1412 c/o Jason Lee Norman

Never Been to Spain

It was decided, not in the high meeting rooms of the castle or the equidistant Stones of Mora but on the shores of the Baltic, that from this day forward no man was allowed to die. Women were also not permitted to expire and children, under the edict, were considered “little men and women” in the eyes of God and the crown. Animals could still die, and plumes of chimney smoke as well. All creations of man, whether practical or imaginary were allowed to fade, whither, age, and decompose according to the laws of nature but never to die in a flash of fire or rising water. Dogs could not die.

It was that day on the Baltic’s shore that the sun fought so hard to push through the milk of magnesia sky to give us warmth, because we were cold. We had just remembered the words of our beloved King who had promised us that he would not die until every one of us was himself or herself a king or queen. He died before fulfilling that promise.

Albert was our King and he was a King that we prayed for every night. He would not go to bed until all of his subjects were sleeping soundly. When it would rain he stood out on the balcony in his royal pyjamas until he was soaked from his grey hair down to his ingrown big toenail. He did this to feel like those of us who had leaky roofs and drafty rooms. He ate baloney sandwiches with warm mayo each day at lunch until every one of us had a goose, or turkey, or plump chicken on our table. All speeches were made on a Friday instead of a Sunday so that we could get off work early. The famous words from his last speech were, “No man will die until my work is done”.

He died writing the edict with his own hands by candlelight, to save power. A dried out ballpoint pen in his hand.

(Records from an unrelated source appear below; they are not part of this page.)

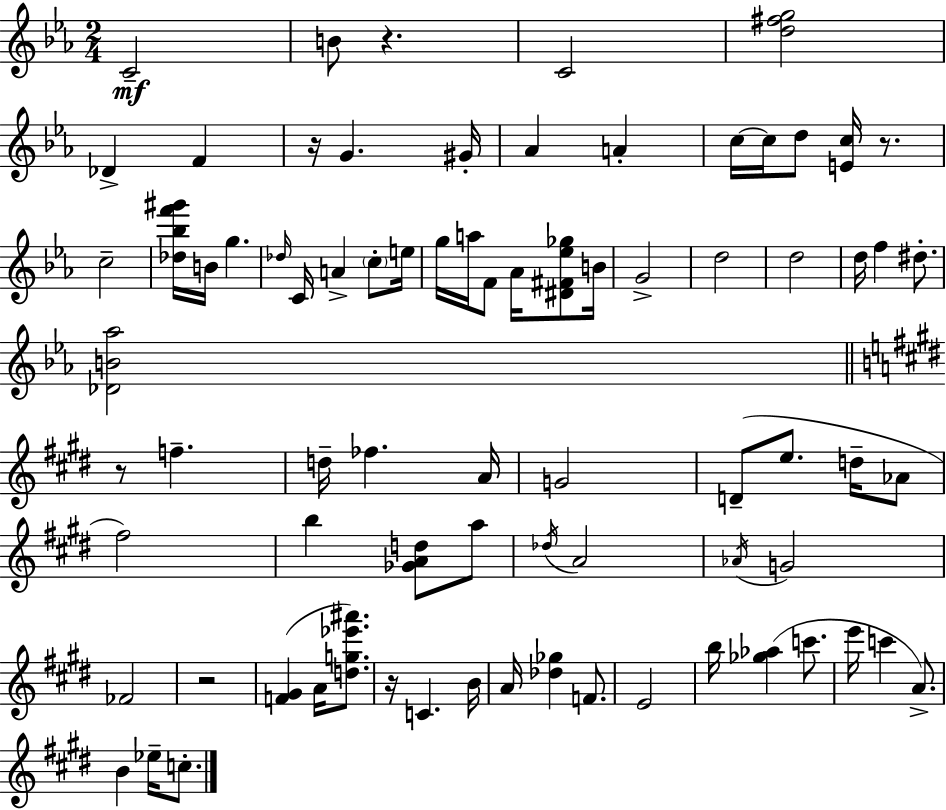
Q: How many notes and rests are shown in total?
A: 78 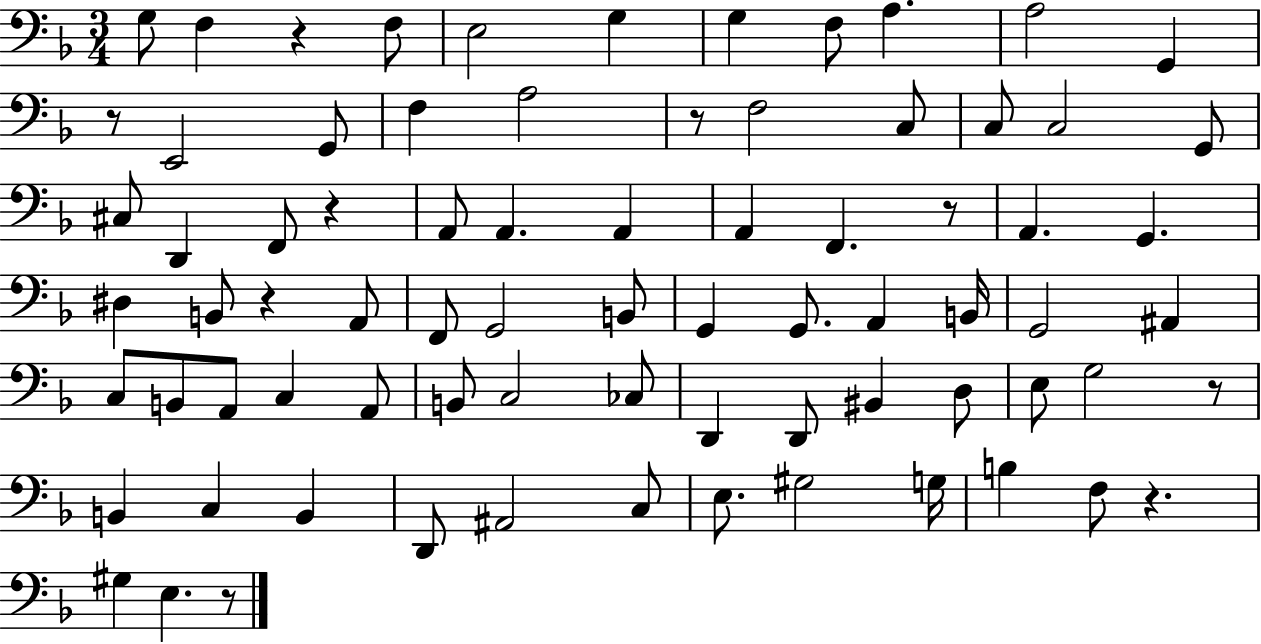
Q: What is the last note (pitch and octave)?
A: E3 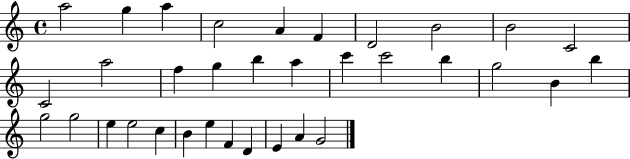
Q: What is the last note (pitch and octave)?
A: G4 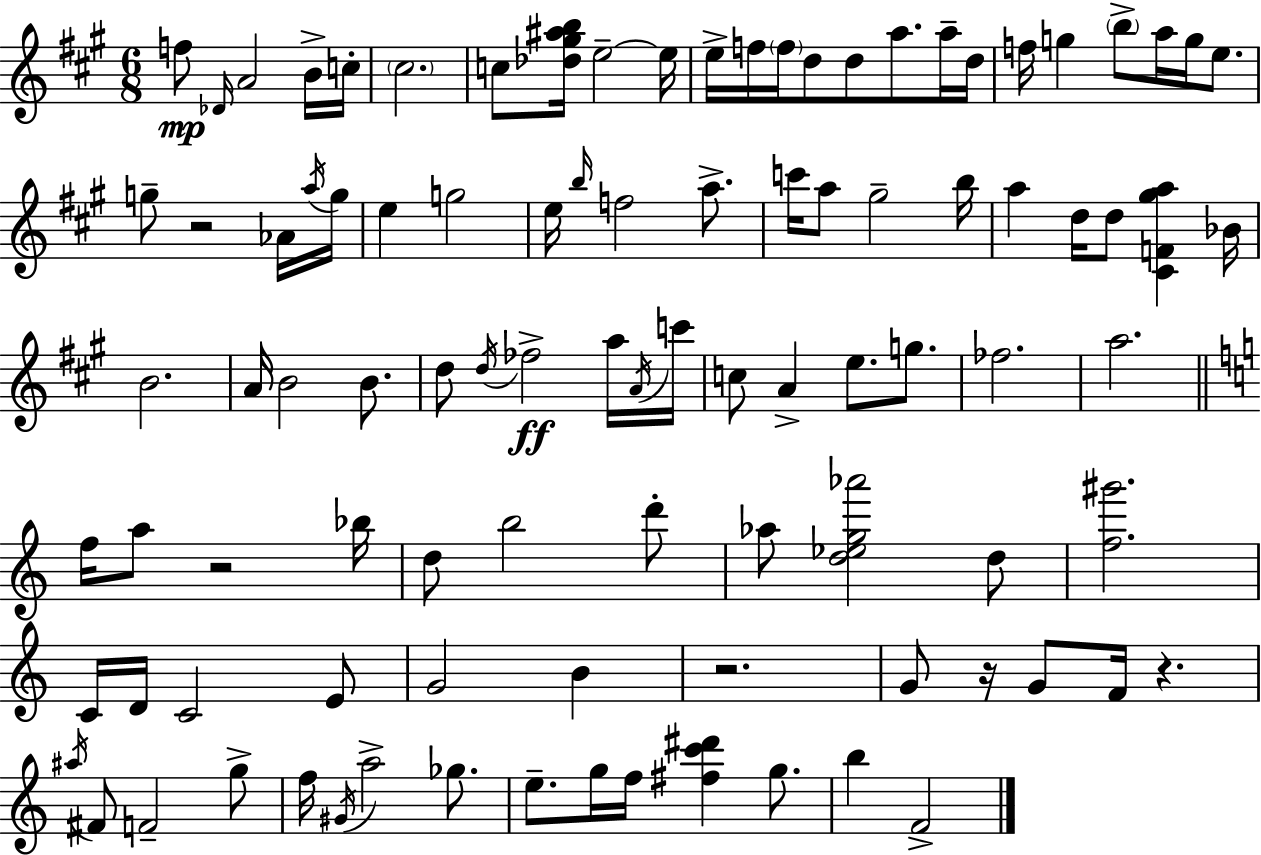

Our King was placed in a pine box and that box was put into a larger one of walnut oak. That box was then lowered into a tomb of limestone. The edict states that as long as there is snow, or hurricanes, or woodwind instruments that man would never again fear death. At the tomb we bowed our heads. The youngest of us laid a wreath. As long as there are empty pages, or bowls of soup, or hideous or beautiful things, that the edict would stand and we would no longer feel the paralysis of mourning. The messages came from as far as China, Ethiopia, and the Isle of Capri: The King is dead. Long live the King.